1. THL Credit, Inc. (the “Assignor”) hereby irrevocably sells and assigns, without recourse, to H.I.G. Surgery Centers, LLC (the “Assignee”), and the Assignee hereby irrevocably purchases and assumes, from the Assignor, without recourse to the Assignor, effective as of the Effective Date set forth below (but not prior to the registration of the information contained herein in the Register pursuant to Section 11.04(c) of the Securities Purchase Agreement), the interests set forth in Schedule I hereto (the “Assigned Interests”) in the Assignor’s rights and obligations under the Securities Purchase Agreement and the other Purchase Documents, including, without limitation, the Notes, which are outstanding on the Effective Date and as further set forth in Schedule I hereto.
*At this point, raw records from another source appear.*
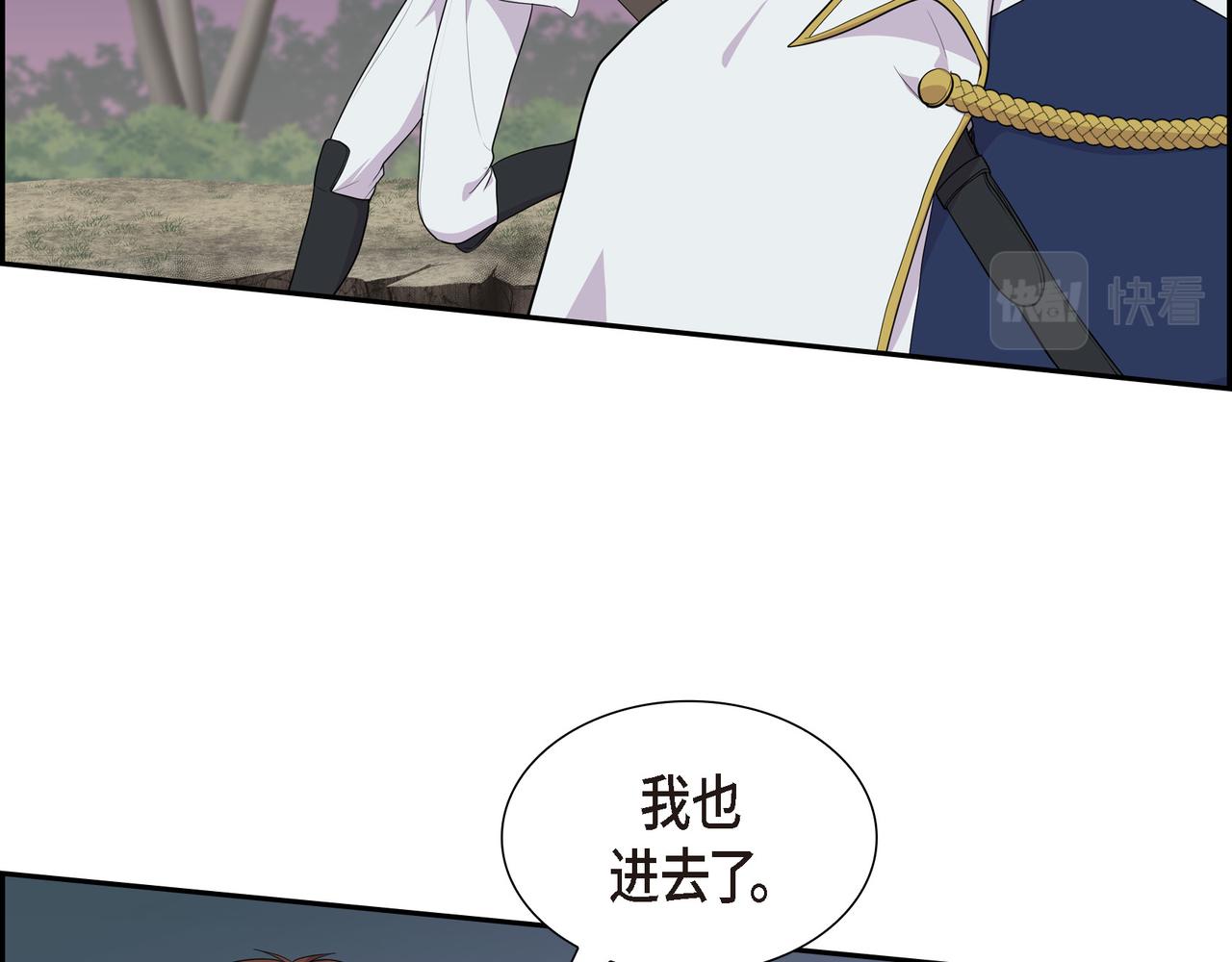 第17话 这是个缝隙！32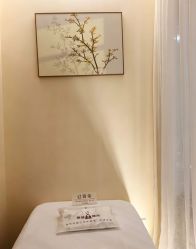 -御品•瑶浴养生SPA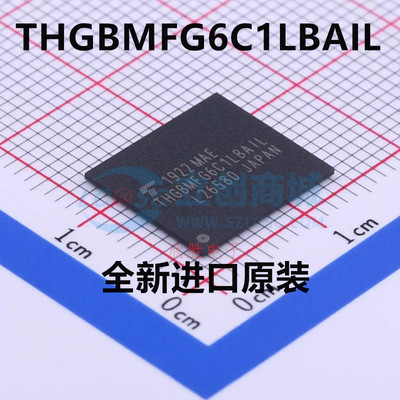 原装正品 THGBMFG6C1LBAIL 8GB EMMC 存储器芯片IC 封装 BGA153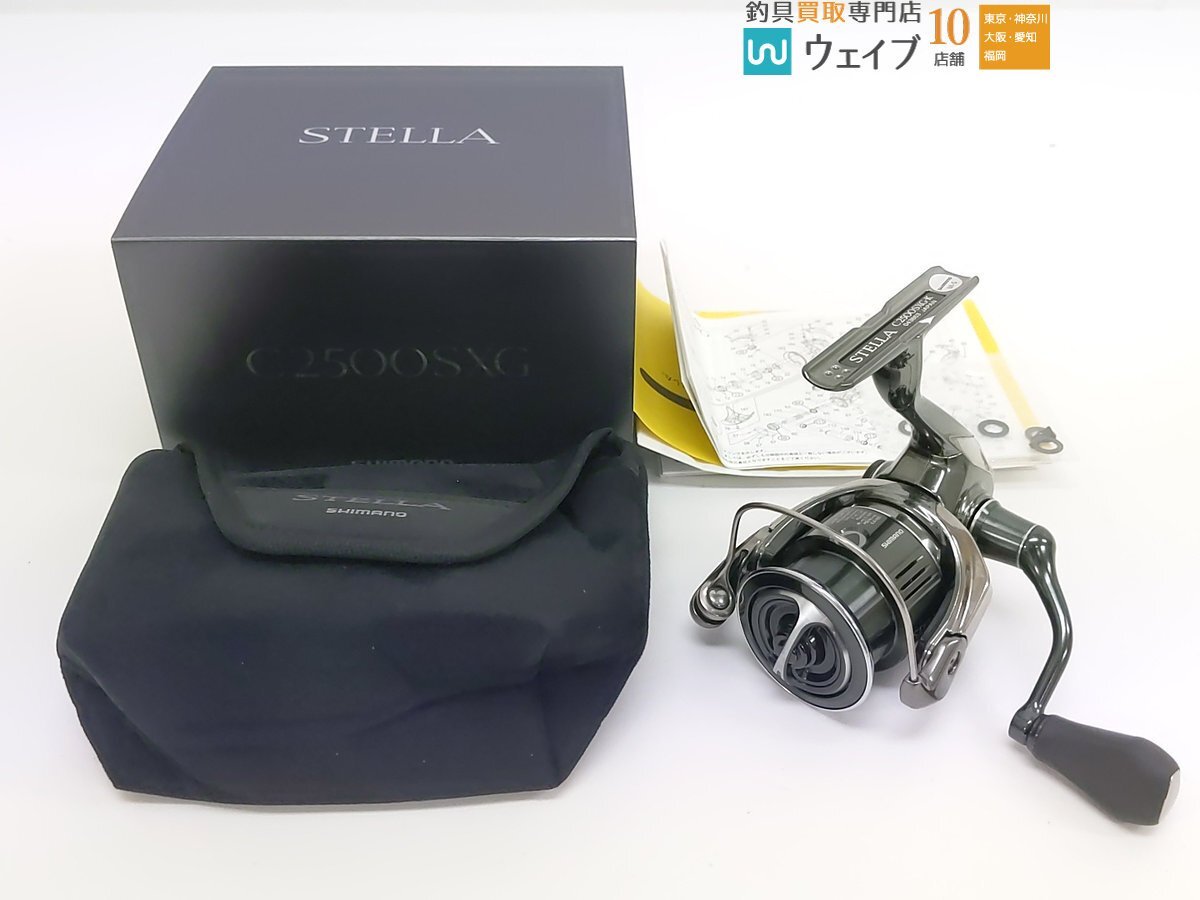 シマノ 22 ステラ C2500SXG(シマノ)|売買されたオークション シマノ 22 ステラ C2500SXG(シマノ)|売買されたオークション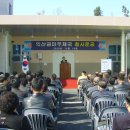 익산금마우체국 이미지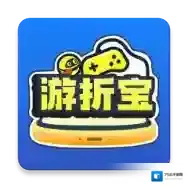 游折宝手游2025-游折宝官方最新版Androidv6.5.9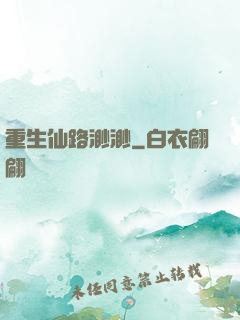 重生仙路渺渺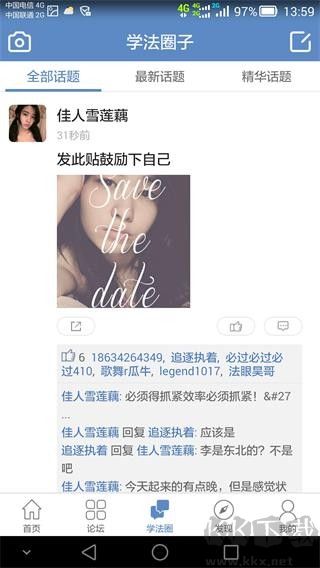 学法网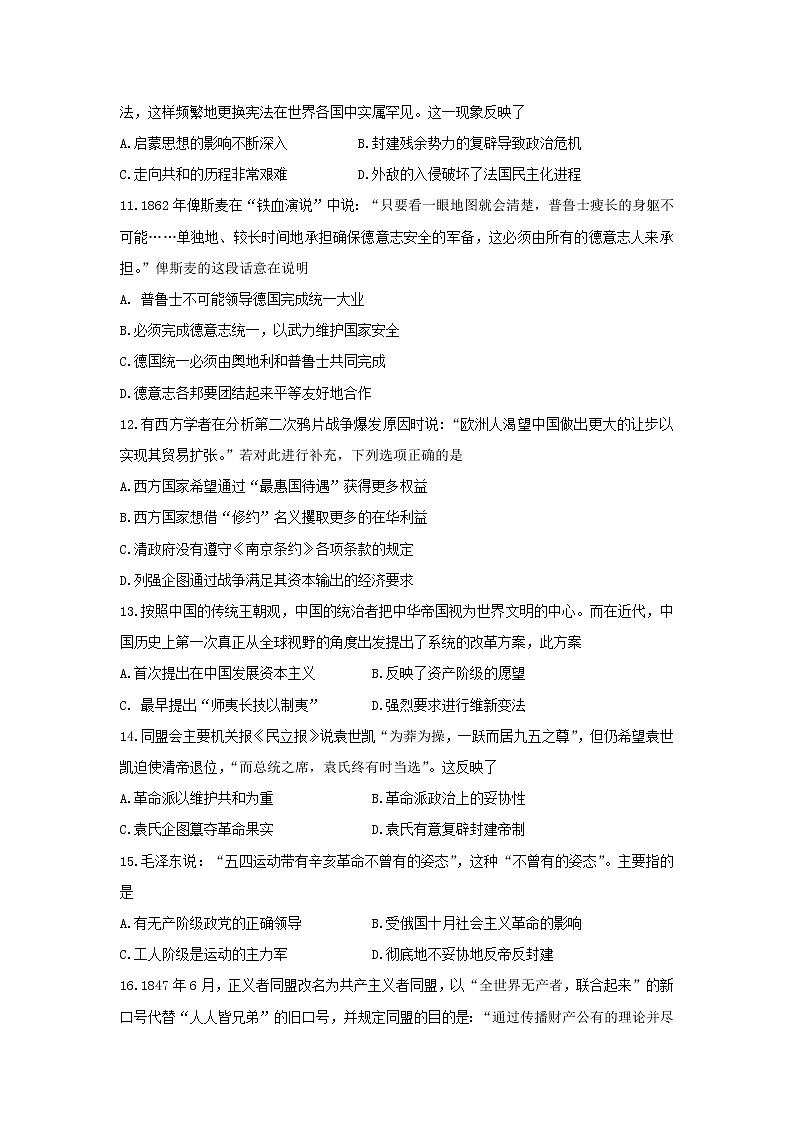 【历史】辽宁省瓦房店市高级中学2018-2019高二下学期期末考试试卷03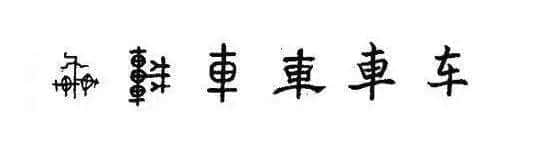 廣州竟有學(xué)校要求學(xué)生在家庭生活中也要說普通話？！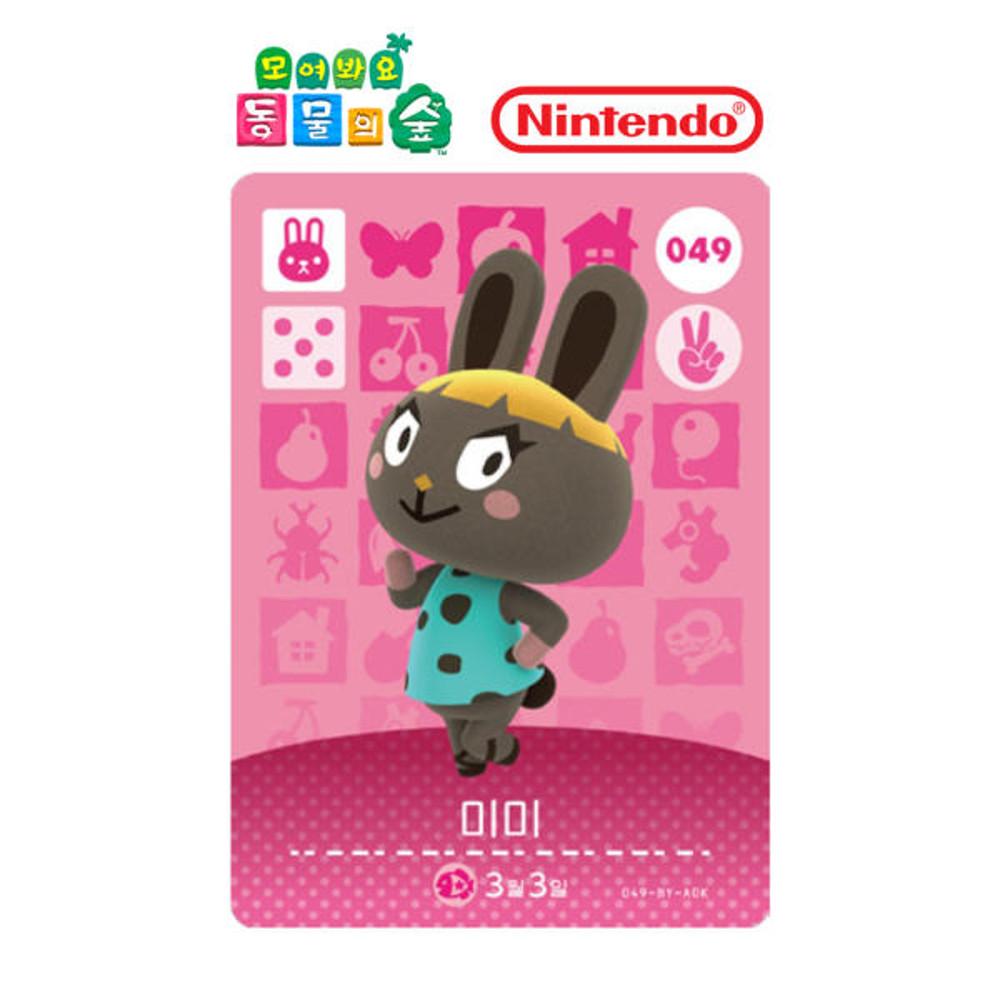 [1탄] 모동숲 정품 동물의숲 동숲 미미 아미보 카드 049 한글판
From and after the Effective Date (i) the Assignee shall be a party to and be bound by the provisions of the Securities Purchase Agreement and, to the extent of the Assigned Interests, have the rights and obligations of a Purchaser thereunder and under the Purchase Documents and (ii) the Assignor shall, to the extent of the Assigned Interests, relinquish its rights and be released from its obligations under the Securities Purchase Agreement.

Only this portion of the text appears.